Last weekend, my wife and I saw an Adam Sandler Movie on Netflix. It was called The Ridiculous Six, and featured a large number of well known actors. Now my Queen and I both like Adam Sandler movies. They often aren’t great cinimatic masterpieces, but they often are funny, silly, and have a nice message. We had never heard of this offering–so I’m guessing it didn’t do that well at the theater. In it, Sandler’s character meets his birth father and decides to rescue him from criminals. To do this he must raise money, and in this journey he encounters others who are also his birth father’s sons. Yes, his birth father spread his seed around fairly liberally. In the end there are six brothers–all misfits and weirdos… The film is definitely silly, but my Queen and I found it humorous. At one point one of the brothers suggests that a real woman is “way better than a cantaloupe!” This comment made my Queen laugh. “We’ll have to see!” she said.
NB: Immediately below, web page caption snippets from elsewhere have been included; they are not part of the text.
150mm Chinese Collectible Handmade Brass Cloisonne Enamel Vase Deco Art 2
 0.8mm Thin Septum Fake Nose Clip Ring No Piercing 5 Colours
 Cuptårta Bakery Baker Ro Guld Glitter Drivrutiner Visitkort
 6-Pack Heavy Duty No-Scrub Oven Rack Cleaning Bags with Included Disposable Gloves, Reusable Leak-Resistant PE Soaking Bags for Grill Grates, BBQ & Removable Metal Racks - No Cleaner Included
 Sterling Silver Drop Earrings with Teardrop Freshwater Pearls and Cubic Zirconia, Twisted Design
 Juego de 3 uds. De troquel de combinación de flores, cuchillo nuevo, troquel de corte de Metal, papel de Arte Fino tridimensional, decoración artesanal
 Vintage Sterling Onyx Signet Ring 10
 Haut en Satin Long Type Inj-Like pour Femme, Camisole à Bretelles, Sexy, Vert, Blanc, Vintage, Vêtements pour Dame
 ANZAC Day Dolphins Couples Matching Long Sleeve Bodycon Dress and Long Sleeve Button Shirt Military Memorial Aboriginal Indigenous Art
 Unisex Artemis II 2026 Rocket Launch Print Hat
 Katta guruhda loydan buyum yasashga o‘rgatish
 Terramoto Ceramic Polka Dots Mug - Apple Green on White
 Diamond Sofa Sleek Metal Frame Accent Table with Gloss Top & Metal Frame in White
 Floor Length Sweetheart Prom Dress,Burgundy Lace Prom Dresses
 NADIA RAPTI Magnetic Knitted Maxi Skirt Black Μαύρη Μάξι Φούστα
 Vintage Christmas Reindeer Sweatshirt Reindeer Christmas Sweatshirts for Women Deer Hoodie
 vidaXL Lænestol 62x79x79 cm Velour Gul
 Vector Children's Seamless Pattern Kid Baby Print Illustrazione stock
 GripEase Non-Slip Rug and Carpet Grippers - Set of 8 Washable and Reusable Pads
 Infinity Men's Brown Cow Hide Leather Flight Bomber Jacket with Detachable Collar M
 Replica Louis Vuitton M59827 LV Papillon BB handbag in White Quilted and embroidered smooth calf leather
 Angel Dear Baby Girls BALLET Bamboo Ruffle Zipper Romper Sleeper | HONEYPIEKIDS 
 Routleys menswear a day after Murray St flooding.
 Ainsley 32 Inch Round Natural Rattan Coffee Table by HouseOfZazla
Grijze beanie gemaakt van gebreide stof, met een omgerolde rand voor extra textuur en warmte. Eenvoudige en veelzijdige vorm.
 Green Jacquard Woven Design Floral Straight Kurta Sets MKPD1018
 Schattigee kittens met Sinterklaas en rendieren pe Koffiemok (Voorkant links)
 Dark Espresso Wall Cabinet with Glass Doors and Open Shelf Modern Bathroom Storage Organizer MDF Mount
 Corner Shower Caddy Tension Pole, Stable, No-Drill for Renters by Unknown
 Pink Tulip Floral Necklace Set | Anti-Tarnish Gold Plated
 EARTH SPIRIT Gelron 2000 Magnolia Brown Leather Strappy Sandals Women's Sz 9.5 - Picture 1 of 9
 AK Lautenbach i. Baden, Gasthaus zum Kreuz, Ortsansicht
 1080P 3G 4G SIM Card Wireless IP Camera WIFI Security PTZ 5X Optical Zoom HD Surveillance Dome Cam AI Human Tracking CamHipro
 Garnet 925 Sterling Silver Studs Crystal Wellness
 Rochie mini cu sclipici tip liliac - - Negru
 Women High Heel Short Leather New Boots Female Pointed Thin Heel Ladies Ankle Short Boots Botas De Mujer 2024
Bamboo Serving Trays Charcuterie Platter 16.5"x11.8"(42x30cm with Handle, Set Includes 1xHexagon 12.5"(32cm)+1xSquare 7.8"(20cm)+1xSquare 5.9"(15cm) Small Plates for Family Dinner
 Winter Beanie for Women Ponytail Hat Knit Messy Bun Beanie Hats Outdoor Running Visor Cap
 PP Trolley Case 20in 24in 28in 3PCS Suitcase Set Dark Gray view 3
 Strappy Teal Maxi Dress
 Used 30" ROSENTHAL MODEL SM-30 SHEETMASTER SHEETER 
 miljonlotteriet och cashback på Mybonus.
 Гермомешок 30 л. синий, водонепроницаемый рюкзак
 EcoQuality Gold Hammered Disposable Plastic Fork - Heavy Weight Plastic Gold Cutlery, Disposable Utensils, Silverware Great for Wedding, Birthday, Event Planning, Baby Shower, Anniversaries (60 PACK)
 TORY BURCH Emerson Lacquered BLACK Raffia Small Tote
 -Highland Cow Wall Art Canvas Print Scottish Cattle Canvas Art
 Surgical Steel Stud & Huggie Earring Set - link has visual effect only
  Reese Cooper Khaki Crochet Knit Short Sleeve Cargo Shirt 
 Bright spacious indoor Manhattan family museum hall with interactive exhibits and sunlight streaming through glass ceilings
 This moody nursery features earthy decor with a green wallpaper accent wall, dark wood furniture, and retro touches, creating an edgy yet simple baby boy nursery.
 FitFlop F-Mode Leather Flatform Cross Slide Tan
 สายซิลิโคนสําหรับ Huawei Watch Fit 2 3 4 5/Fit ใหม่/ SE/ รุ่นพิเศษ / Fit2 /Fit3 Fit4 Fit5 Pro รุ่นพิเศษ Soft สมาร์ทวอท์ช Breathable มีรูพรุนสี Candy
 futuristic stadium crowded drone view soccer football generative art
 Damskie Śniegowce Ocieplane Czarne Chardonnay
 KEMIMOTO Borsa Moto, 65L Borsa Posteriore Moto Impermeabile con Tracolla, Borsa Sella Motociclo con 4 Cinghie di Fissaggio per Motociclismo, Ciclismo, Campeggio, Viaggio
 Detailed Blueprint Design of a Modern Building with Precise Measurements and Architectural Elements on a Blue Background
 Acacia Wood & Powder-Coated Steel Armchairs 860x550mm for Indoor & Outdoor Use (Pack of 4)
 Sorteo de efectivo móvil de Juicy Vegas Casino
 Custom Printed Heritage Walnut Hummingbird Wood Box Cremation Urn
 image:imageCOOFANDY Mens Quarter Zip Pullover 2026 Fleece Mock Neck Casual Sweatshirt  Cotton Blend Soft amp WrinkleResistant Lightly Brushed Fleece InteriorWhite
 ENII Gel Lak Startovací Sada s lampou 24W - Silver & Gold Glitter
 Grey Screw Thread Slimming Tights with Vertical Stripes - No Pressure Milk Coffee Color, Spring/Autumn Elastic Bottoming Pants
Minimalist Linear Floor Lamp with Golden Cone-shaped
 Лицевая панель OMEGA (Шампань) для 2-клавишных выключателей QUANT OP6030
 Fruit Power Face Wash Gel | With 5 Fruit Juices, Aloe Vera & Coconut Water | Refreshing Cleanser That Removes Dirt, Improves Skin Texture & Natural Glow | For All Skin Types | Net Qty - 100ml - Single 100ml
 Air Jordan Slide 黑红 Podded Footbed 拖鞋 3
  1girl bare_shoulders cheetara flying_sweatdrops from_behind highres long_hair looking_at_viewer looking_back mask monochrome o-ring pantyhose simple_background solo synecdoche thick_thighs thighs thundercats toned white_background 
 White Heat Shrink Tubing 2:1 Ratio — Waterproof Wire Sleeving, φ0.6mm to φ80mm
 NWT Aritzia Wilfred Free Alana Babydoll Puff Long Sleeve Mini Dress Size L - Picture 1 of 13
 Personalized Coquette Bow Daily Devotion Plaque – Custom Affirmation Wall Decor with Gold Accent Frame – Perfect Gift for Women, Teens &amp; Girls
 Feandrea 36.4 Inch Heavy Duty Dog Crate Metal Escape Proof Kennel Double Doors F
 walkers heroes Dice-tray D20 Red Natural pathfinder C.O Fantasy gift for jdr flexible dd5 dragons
Fast forward to this weekend. We had a great weekend. A little surprisingly, we had it to ourselves. Saturday night we went to the Tom Petty concert. It was a fabulous show, and the night went like clockwork. On Sunday, we did a nice long walk together. We did our grocery shopping together, cooked together, and went to the mall to get some things for my Queen. After we returned home, my Queen decided we should get busy! I was more than ready. And it appeared that my Queen was ready too! We had amazing sex for about two hours. She had orgasm after orgasm. She squirted like crazy and despite my best efforts, I couldn’t drink it all. There was just too much, and my mouth wasn’t always in position anyways… But let me tell you, there was one heck of a large wet spot! Very wet, wet spot!. It was pretty simple sex, my mouth, Angus and the Magic Wand were the only items in play, but different combinations of tools combined with different positions kept my Queen bouncing and squirting. After about 2 hours, she said that was it!. My Queen had had 13 orgasms–some of epic length and intensity! I was approaching the edge myself, and we needed to eat, but then the magic words. “Let’s get the cantaloupe!”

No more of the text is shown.